KORAY ŞENER'İN HAYATINI KAYBETMESİ
"FENERBAHÇE SAHİP ÇIKTI, İYİ DE YAPTI"
Olaylı Galatasaray - Fenerbahçe maçında kalbi durarak vefat eden Fenerbahçe taraftarı Koray Şener'in hayatını kaybetmesiyle ilgili de konuşan Altaylı "Hayatını kaybeden genç kardeşimize rahmet diliyorum ama şiddet sonucu olan bir şey değil. Genetikmiş zaten böyle şeyler, kardiyak arrest dedikleri kalbi duruyor çocuğun. Halı sahada oynarken de oluyor. Talihsizlik, maç sırasında herhalde heyecan ya da gerilimden sanırım. Delikanlının kalbi halı sahada ya da başka yerde de durabilirdi, ne yazık ki statta oldu. Fenerbahçe arkasından bu kadar sahip çıktı ve iyi de yaptı ama şanssızlıktan başka bir şey değil, kimsenin kabahati yok bunda." dedi.
"VALBUENA'YI OYNATMAYAN TEKNİK DİREKTÖR, TEKNİK DİREKTÖR DEĞİLDİR' DİYE SÖYLEMİŞTİM"
"Son üç senedir Fenerbahçe ile Galatasaray arasındaki derbiler, gerilimsiz, kavga dönüş olmadan geçiyordu biz de memnunduk. Fenerbahçe bu sezon başından beri umduğunun çok gerisinde bir futbol oynuyor ve düşme hattının hemen üzerindeydi. Böyle sıkıntılı Fenerbahçe, Galatasaray derbisi öncesinde hocasını kovdu. Maçtan önce bu kovulmanın Fenerbahçe'nin işe yarayacağını söylemiştim. Kocaman ve Cocu faciasından kurtulduktan sonra Fenerbahçe başka bir takıma evrildi. Müthiş oynamıyorlar tabii ama değiştiler. Elinde Valbuena varsa oynatmayan teknik direktör, teknik direktör değildir. Nitekim Koeman'ın yönetiminde Valbuena oynuyor. Valbuena oynadığı 3 maçın 3'ünde neredeyse tek başına sırtladı, 6 golün tamamına katkısı var. Bunu oynatmayan teknik direktörlerin aynaya bakması lazım. Bana sorarsan Aykut Kocaman da Cocu da teknik direktör değil! Neredeyse istenmeyen adam ilan edilen Valbuena, son üç maçın üçünde de takımına puan kazandırdı" dedi.

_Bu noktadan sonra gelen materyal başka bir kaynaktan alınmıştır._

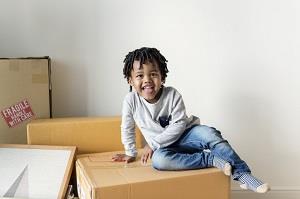 Boy on Moving Box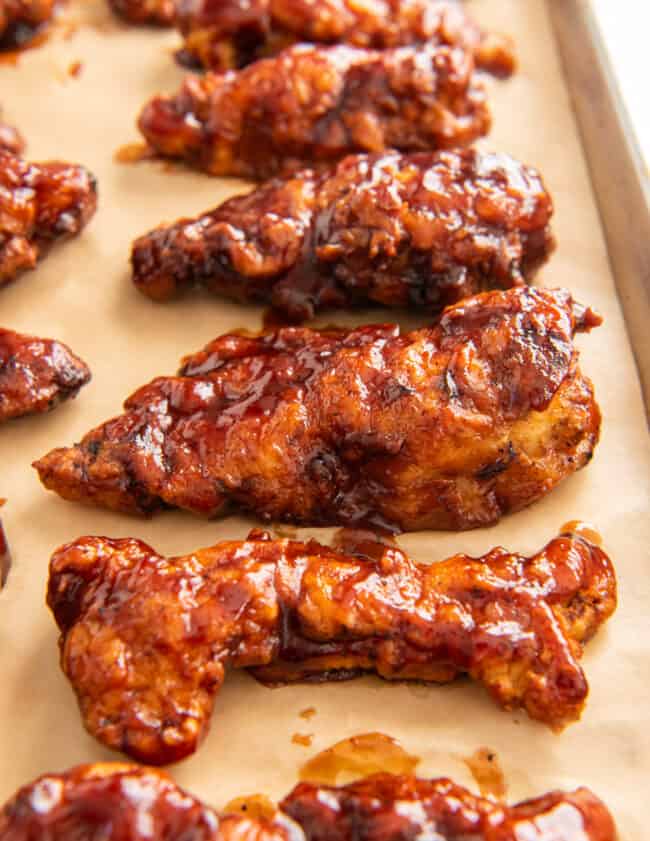 honey bbq chicken tenders on a parchment paper lined baking sheet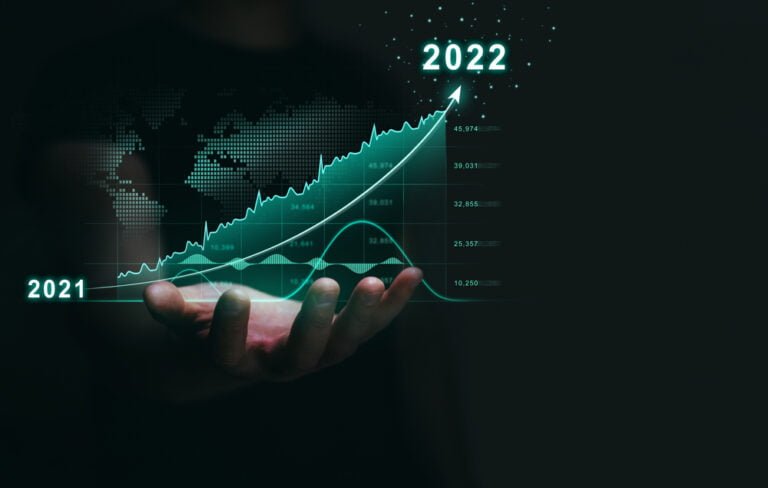 ruka a na ni je rostouci graf pro rok 2022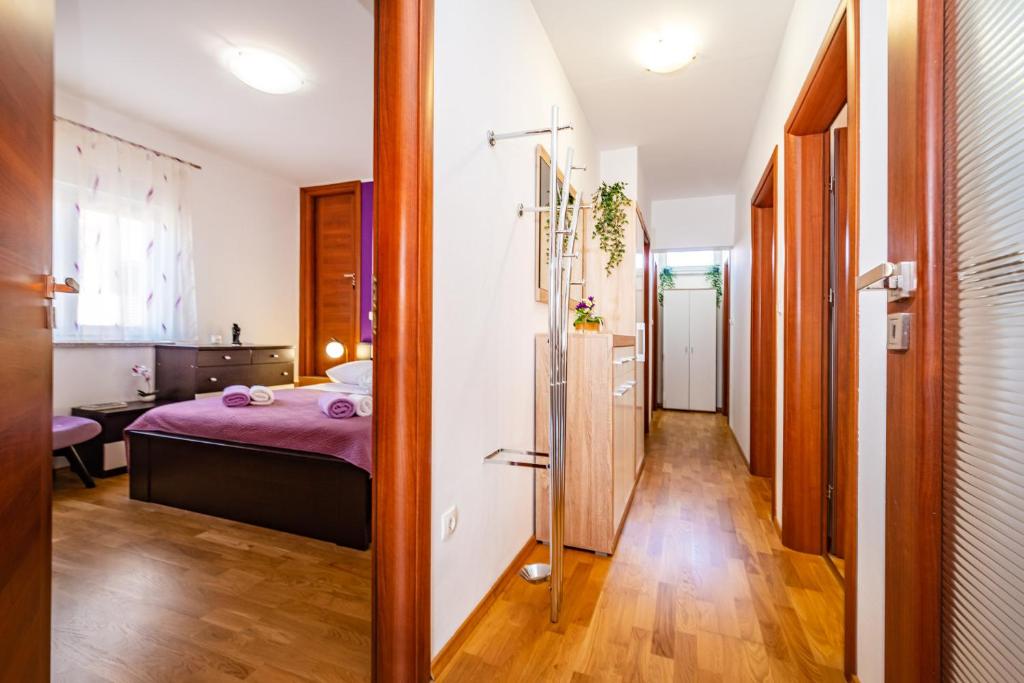Postel nebo postele na pokoji v ubytování Apartment Nekić Posedarje
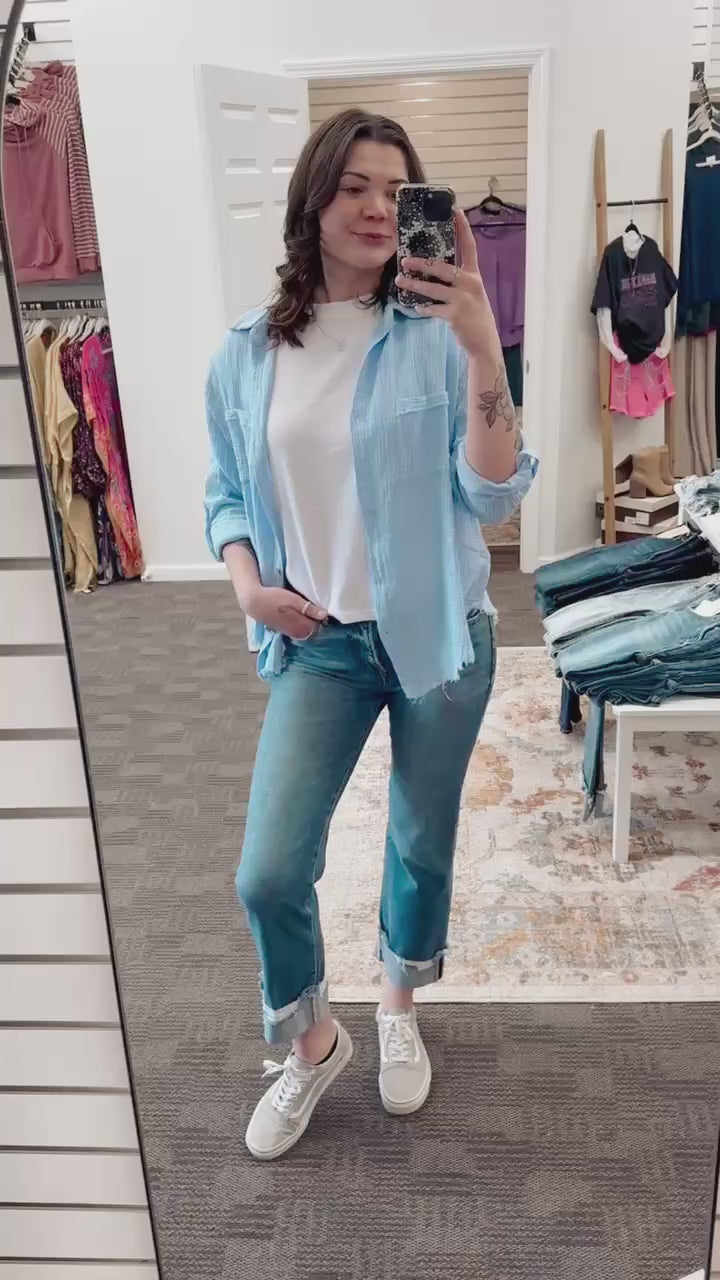 Lightweight and breezy button-down shirt in a soft, crinkled gauze fabric, featured in a fresh Spring Blue. Designed with dual chest pockets, raw-edge hem, and rolled long sleeves with button tabs. Slightly oversized fit for easy layering over tanks, tees, or swimsuits—perfect for casual days, lake life, or cool summer nights.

"FENERBAHÇE, GALATASARAY'A KARŞI GERİLİMLE DAHA BAŞARILI OLDUĞUNU FARK ETTİ"
Olaylı derbinin gündemden düşmemesiyle ilgili konuşan Altaylı, "Galatasaray, 2-0 öne geçti. Meşhur 4-3'lük maç vardır, 3-0 öndeyken 4-3'e gelen, Hasan Vezir'in üç gol attığı bizim açımızdan rezalet, Fenerbahçe açısından unutulmaz maç vardı. Ama bu maçta Fenerbahçe, Galatasaray karşısında gerilim yaratarak daha başarılı olduğunu fark etti ve maç öncesinde de maç sırasında da gerginlik yaratıldı. Ben Fenerbahçe'yi suçlamak için söylemiyorum, bir takımın kazanma taktikleri arasında gerilim de olabilir, mesele, gerilim tuzağına düşmemektir. Bu tuzağa düşmemesi gerekenlerden biri de maçın hakemidir. Fırat Aydınus maç sırasında çok önemli hatalar yapmadı. Yanlış verilen ne ilk taç ne de son. Gol olmasa bile hatırlanmayacak. Belhanda öyle atılmasına izin verirse, sen enayi gibi davranırsan bu senin hatandır, sorumsuzluktur. Bundan dolayı hakemi suçlamak anlamsızdır. Ancak Serdar Aziz'e yapılan da Fenerbahçe'ye yapılan kadar penaltı. Ceza sahasında yapılsa kimse penaltıya itiraz etmezdi. VAR'da bakıldığında penaltı verildi ancak VAR'a bakan kimse, Serdar Aziz'in penaltısını da görmeliydi. Buradaki mesele dengesizlik. Maçın içerisinde Soldado'nun yapıldığı birçok hareket var, bunların tamamının görmezden gelinmesi... Linnes'e yapılan direkt kırmızı kart olabilecek bir pozisyon var, sarı kart bile çıkmadı. Bunlara göre hakem, kontrolü elinden kaçırdı. Bu da futbolcuların birbiriyle cebelleşmesine ve maç sonuna taşınmasına neden oldu." yorumunda bulundu.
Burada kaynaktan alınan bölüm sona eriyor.